(To do)
Your answer is the lines below, exactly, from the one that contains "Initial HA logo" through the one that contains "Paperback Zodiac Journal: Beautiful", both included.

───── Excerpted records ─────

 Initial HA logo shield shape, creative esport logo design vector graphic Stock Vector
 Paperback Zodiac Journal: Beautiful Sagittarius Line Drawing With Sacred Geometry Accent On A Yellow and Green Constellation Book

─────
───── Excerpted records ─────

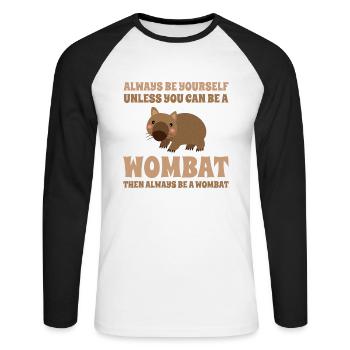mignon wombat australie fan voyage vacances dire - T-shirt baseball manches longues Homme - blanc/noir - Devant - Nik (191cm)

─────
───── Excerpted records ─────

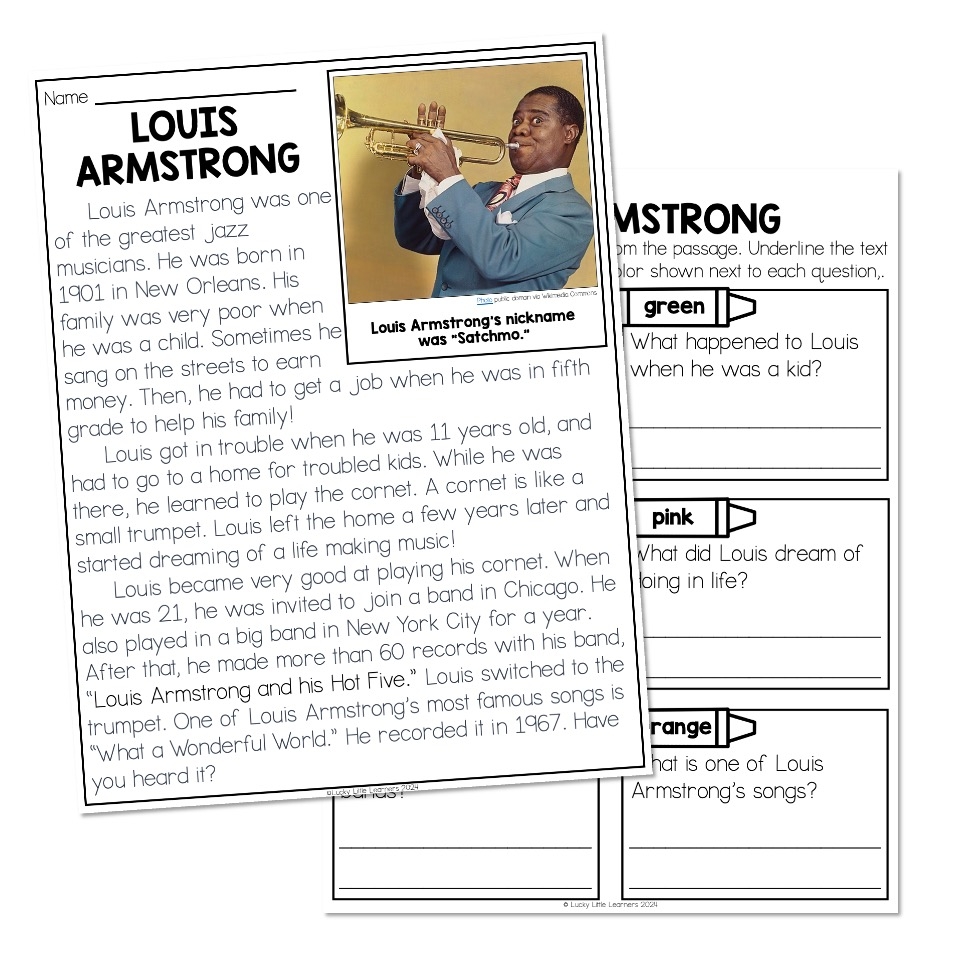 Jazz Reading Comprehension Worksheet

─────

(Answer)
 Initial HA logo shield shape, creative esport logo design vector graphic Stock Vector
 Paperback Zodiac Journal: Beautiful Sagittarius Line Drawing With Sacred Geometry Accent On A Yellow and Green Constellation Book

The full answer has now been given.